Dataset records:
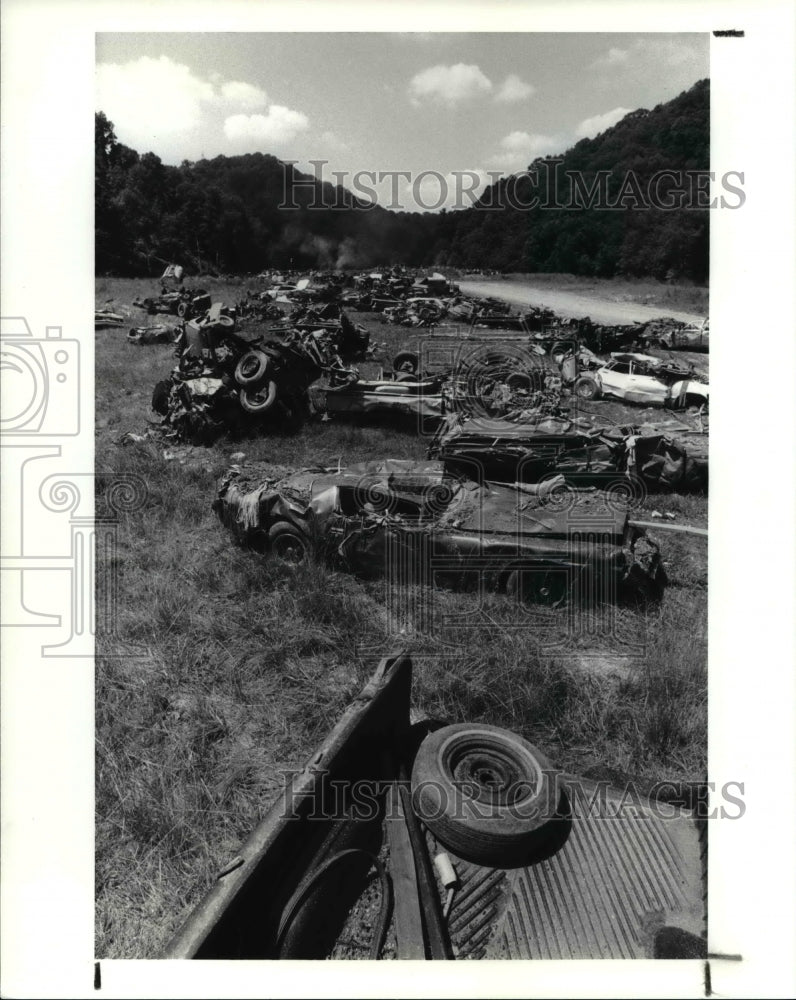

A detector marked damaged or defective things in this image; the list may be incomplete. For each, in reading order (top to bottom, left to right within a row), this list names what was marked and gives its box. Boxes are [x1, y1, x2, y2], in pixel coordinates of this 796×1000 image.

wrecked car [430, 412, 708, 494]
wrecked car [572, 356, 708, 410]
wrecked car [211, 458, 664, 600]
overturned car [211, 458, 664, 600]
crushed car [211, 458, 664, 600]
rusted car body [211, 458, 664, 600]
rusted car body [162, 656, 704, 960]
wrecked car [163, 648, 704, 960]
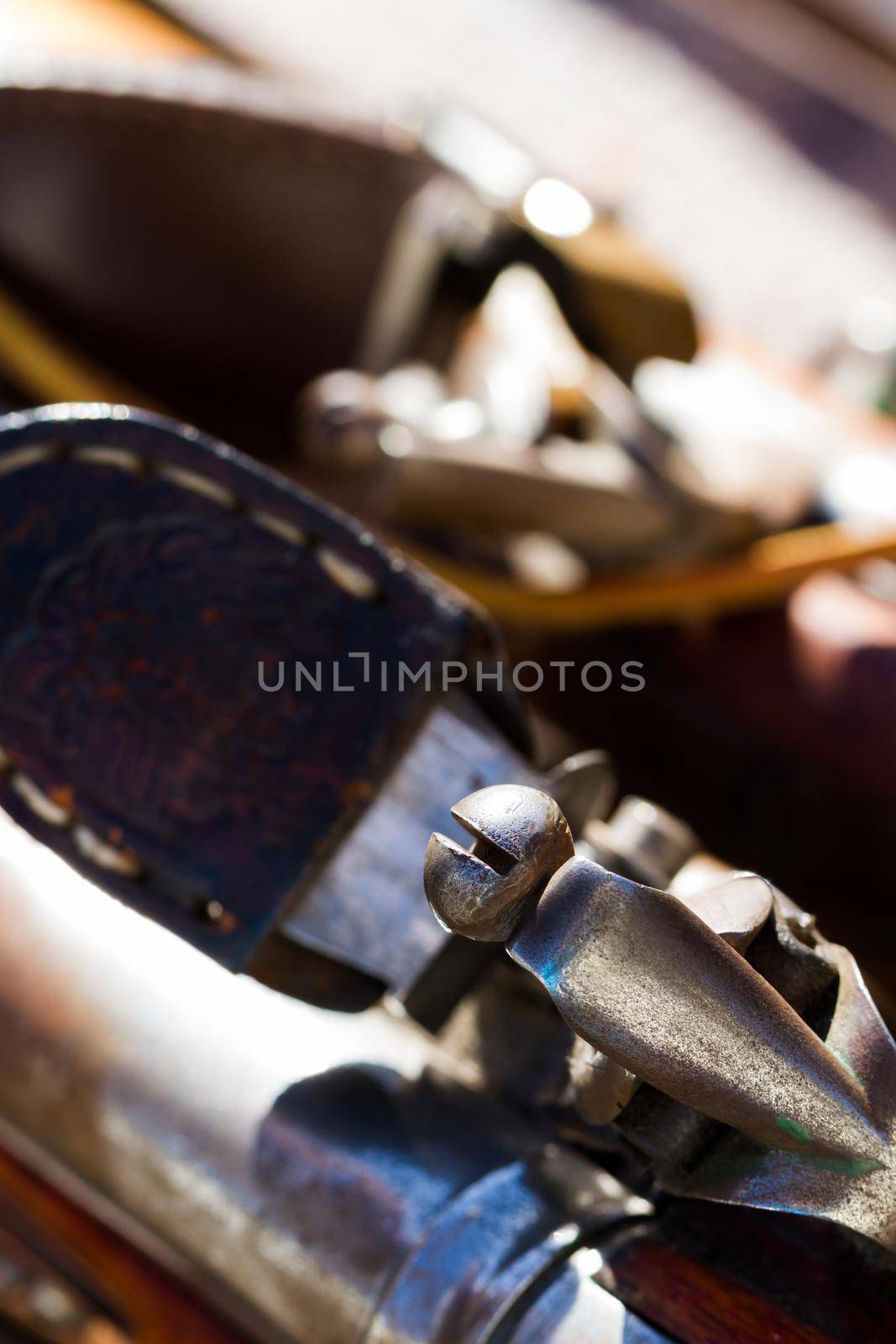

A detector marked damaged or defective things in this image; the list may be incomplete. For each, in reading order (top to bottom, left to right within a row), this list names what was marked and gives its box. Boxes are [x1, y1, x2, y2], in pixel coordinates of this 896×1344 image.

rusty hardware [423, 783, 893, 1257]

### PROBLEM DESCRIPTION
Please repeat the lines above exactly, beginning with the line that contains "this 896×1344 image." and ending with the final one.

### WRITTEN ANSWER
A detector marked damaged or defective things in this image; the list may be incomplete. For each, in reading order (top to bottom, left to right within a row), this list names what was marked and gives its box. Boxes are [x1, y1, x2, y2], in pixel coordinates of this 896×1344 image.

rusty hardware [423, 783, 893, 1257]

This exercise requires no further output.